Problems                                                      Kind                             
Microsoft.WindowsSecurityCenter.FirewallOverride      1 entries Security
Microsoft.WindowsSecurityCenter_disabled                1 entries Security
Right Media                                                          1 entries Browser
Win32.Joleee.K                                                     1 entries Trojans

Every time I attempt to 'fix selected problems', they resurface when I 'check for problems'. It's a never-ending cycle on both programs.

Can anybody help? Please and thank you.

[Lisandro]

Every time I turn on my computer, the same avast warning sign pops up with the same virus/worm.
Can anybody help? Please and thank you.

Did you follow the general cleaning procedure that I've posted right above?

[CharleyO]

***

Information on Right Media :

This is owned mostly by Yahoo and is used to deliver ads. See the link below for many links of information.

http://g.s.scandoo.com/search?q=Right+Media&btnG=Search&hl=en&sa=2

Information on Win32.Joleee.K :

"Capability to send out email message(s) with the built-in SMTP client engine.   
Contains characteristics a SPAM bot, backdoor trojan, and a rootkit. The backdoor component allows the remote hacker to download/install additional components and instruct the bot to launch massive SPAM attacks from the compromised system."

http://www.threatexpert.com/report.aspx?uid=f712970c-948f-4fa0-b5d4-15c28f23cb0d


***

[taxigreen]

Every time I turn on my computer, the same avast warning sign pops up with the same virus/worm.
Can anybody help? Please and thank you.

Did you follow the general cleaning procedure that I've posted right above?

Firstly, I just recieved another virus message, but this time the file is Win32: Trojan-gen {other}. I sent it to the chest. So do I just let it sit there? What do I do next? Will it later attack my computer?
Secondly,  I just deleted my temporary internet files and restarted my computer and the first virus message has not appeared (yet...) . This is also in the chest along with the other virus.  In total, I have three sitting in the chest:
Win32: Agent-COH [trj] file name SpybotSD.exe.hdmp
VBS:Malware-gen file name  file.bat          AND
Win32: Trojan-gen {other} file name services.exe

I feel like recently I've been recieving a rush of viruses, but I have not had any unusual activity on the web. At least before Avast my McAfee never reacted this way. Is it just very sensitive? I'm about the restart my computer to see if it was truly succesful.

CharelyO,
I see there is an analysis of these files (that I don't really understand). Is there anything I can fix about these files so that if there are any problems, I can fix them, and if they aren't real problems, then that they don't show up as problems?

Thank you.

[wyrmrider]

let it/ them  sit in chest  chest is encrypted and is safe place
can you create a new file called suspect  like C:\suspect
then go into avast and exclude c:\suspect\*
export your hits to C:\suspect
go on the internet to virustotal.com
upload the files
post the results or a link
thanks

we need to get a positive id on these especially the -gen or general

[Lisandro]

Firstly, I just recieved another virus message, but this time the file is Win32: Trojan-gen {other}. I sent it to the chest.

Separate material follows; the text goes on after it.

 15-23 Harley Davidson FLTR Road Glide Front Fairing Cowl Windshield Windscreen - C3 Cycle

So do I just let it sit there?

Yes. Chest is safe to kept the file(s) into.

What do I do next? Will it later attack my computer?

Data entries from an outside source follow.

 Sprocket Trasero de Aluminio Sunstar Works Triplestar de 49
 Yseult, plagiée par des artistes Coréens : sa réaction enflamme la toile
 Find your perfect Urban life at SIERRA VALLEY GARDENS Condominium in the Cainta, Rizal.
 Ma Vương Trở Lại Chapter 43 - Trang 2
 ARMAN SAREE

Not that particular file, maybe a replicant... it's good to follow the steps I've posted before.

[wyrmrider]

A response from Greyfox at the spybot forum
re:
SpybotSD.exe.hdmp



As far as I am aware the .HDMP file extension identifies a Windows Heap Dump and is an Error report file created by Microsoft Windows as a part of its critical error logging systems. You should be able to view it in any text editor or word processor.

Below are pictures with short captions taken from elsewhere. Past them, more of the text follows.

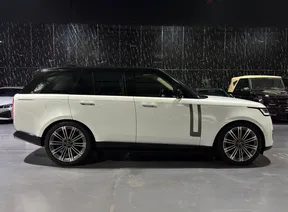 Land Rover Range Rover 2023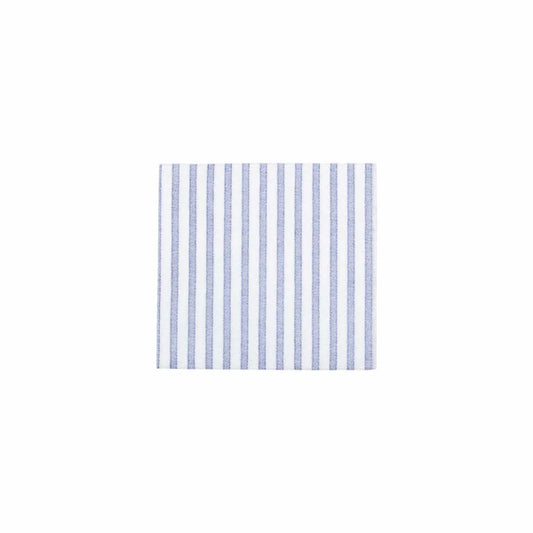 Capri Dinner Napkin - Blue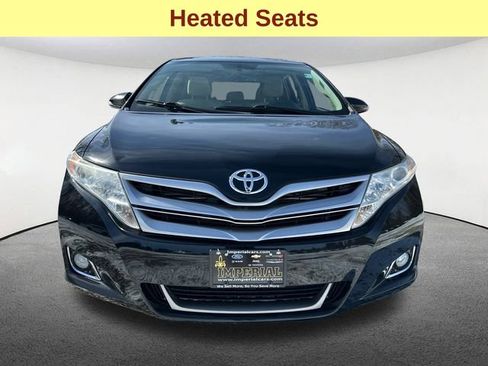 Used 2013 Toyota Venza LE image 4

It would suggest that at some stage there has been a problem with SpybotSD.exe. If it is now in the Avast Virus chest it can stay there without doing any harm and when you are sure Spybot is working properly and your scans are clear you could then delete it

[taxigreen]

I know this may be frusturating to you all, but I'm really lost when it comes to this virus stuff. And I'd hate to download all these additional programs when I don't know how my computer will take the programs--and I probably have similar ones. I can't see how to exclude or export files on avast.